▶ [Description of the task]: The required result is a line count: how many lines in this data hold the word "Apartamento". Give only that.

▶ [Data provided]:

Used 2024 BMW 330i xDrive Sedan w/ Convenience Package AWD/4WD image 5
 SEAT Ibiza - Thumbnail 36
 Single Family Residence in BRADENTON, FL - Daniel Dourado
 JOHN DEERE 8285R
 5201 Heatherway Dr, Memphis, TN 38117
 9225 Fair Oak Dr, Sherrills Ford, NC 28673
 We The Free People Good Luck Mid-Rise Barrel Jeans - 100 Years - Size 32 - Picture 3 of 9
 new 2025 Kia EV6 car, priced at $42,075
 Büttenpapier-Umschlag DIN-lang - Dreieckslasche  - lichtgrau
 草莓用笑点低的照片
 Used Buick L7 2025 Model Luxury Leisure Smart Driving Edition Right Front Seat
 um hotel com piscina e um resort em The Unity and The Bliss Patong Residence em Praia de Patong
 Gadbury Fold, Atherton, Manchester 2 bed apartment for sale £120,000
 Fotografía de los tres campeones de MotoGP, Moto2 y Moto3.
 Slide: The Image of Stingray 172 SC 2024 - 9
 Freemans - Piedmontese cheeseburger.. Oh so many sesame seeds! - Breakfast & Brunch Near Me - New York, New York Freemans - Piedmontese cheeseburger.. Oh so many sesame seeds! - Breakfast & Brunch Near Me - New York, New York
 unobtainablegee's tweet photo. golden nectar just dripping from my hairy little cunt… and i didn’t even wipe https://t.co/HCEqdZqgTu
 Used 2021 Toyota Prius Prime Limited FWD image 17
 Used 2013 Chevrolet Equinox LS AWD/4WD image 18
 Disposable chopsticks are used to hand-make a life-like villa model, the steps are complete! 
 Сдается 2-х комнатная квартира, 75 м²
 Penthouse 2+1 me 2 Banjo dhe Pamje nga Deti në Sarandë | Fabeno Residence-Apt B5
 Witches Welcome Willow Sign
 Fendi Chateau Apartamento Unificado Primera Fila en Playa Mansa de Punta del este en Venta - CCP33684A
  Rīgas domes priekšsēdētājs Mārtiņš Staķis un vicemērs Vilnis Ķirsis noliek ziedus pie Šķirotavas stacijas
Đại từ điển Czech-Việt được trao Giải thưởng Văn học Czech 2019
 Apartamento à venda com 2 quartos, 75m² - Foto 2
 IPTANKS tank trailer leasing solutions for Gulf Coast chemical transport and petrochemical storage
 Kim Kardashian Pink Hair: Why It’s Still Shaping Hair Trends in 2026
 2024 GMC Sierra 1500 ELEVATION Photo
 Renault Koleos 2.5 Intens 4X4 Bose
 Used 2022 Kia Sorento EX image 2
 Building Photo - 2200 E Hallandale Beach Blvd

▶ [Answer space]: 2